Learning How to Hit a Fungo Well Helps Coaches Support Their Players

As with any sport, practice makes perfect when it comes to baseball. While many young players put in countless hours at batting practice or pitching, fewer spend enough time to truly develop their fielding skills. In reality, fielding practice often pays off even more than other kinds, because catching a fast-moving ball and becoming ready to throw it is one of the most complicated tasks in baseball. Whether for shortstops aiming for the local equivalent of the Golden Glove or an outfielder who could use some help with the basics, young players often benefit greatly from being given the chance to practice fielding.

What that typically requires is a coach or other person who is able to hit balls to them on demand.

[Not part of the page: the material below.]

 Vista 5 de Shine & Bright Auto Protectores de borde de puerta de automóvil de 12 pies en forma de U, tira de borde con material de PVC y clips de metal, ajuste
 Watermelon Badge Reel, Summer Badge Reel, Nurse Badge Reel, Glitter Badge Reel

This sometimes turns out to be more of an issue than might expected, as a hitter who cannot deliver balls reliably to the right places will drag down the effectiveness of fielding practice. A coach with excellent fungo hitting technique, on the other hand, will be able to maximize the results that follow, with every minute spent in practice paying off as much as it possibly could.

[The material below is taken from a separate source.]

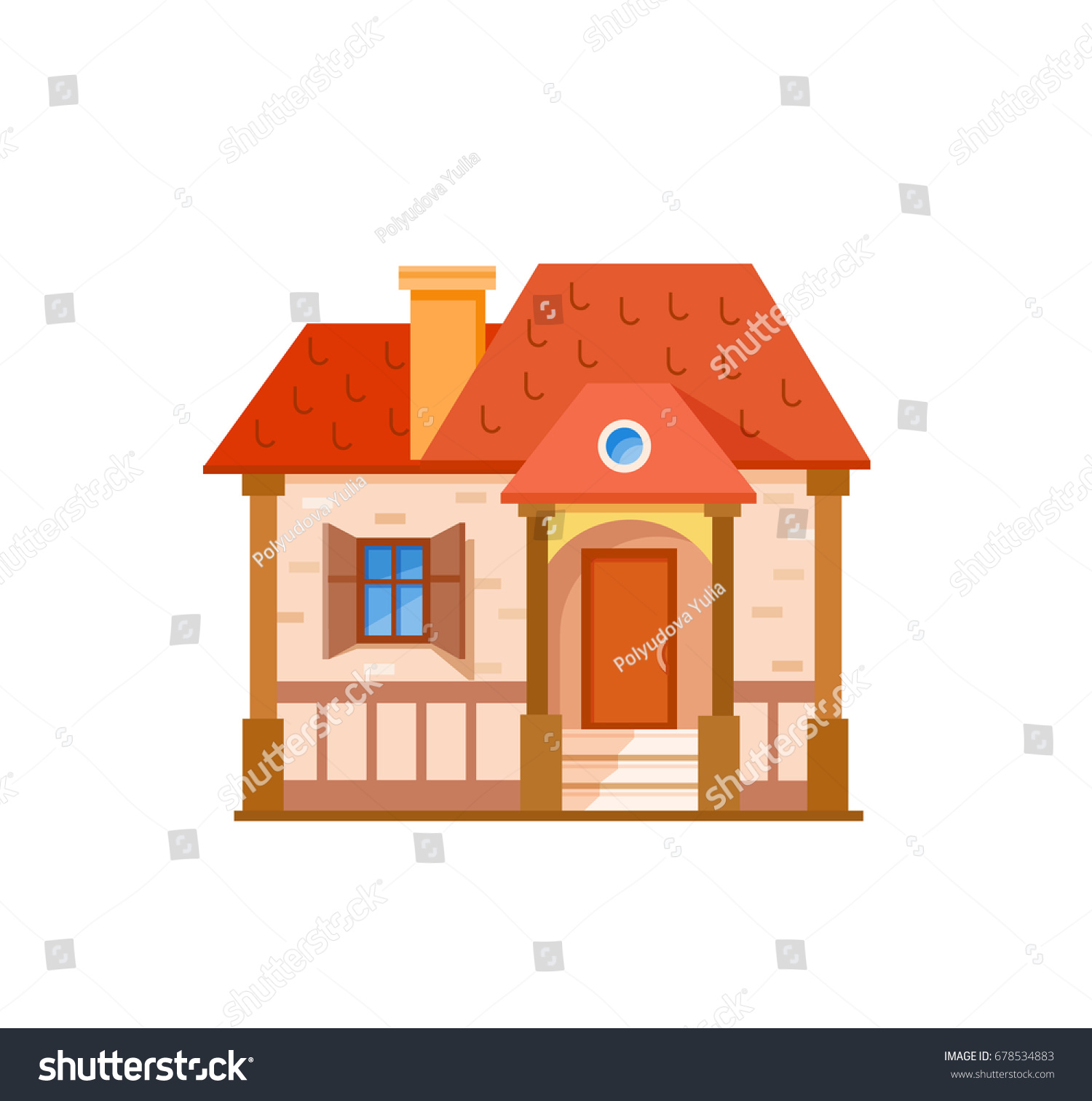flat house front icon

What it typically requires to reach this level of skill, of course, is plenty of practice on the part of the coach or other hitter. Hitting a fungo differs significantly from standing at the plate before a pitcher, as one hand must first be used to put the ball into position for striking. Depending upon where and how the ball is to be hit thereafter, successful coaches will then normally adopt one of a couple of basic approaches.

For especially young players or those who need help with the fundamentals, maintaining a one-handed grip on the bat will sometimes be enough. For a physically fit, coordinated coach, this will normally allow the ball to be hit with a modicum of force either along the ground or in a gentle arc. On the other hand, many other kinds of fielding practice will work out better if the throwing hand returns to the bat after putting the ball in the air. While it can take quite a bit of practice to become skilled at making this transition, this will allow for the hitting power needed to challenge players whose skills are better developed.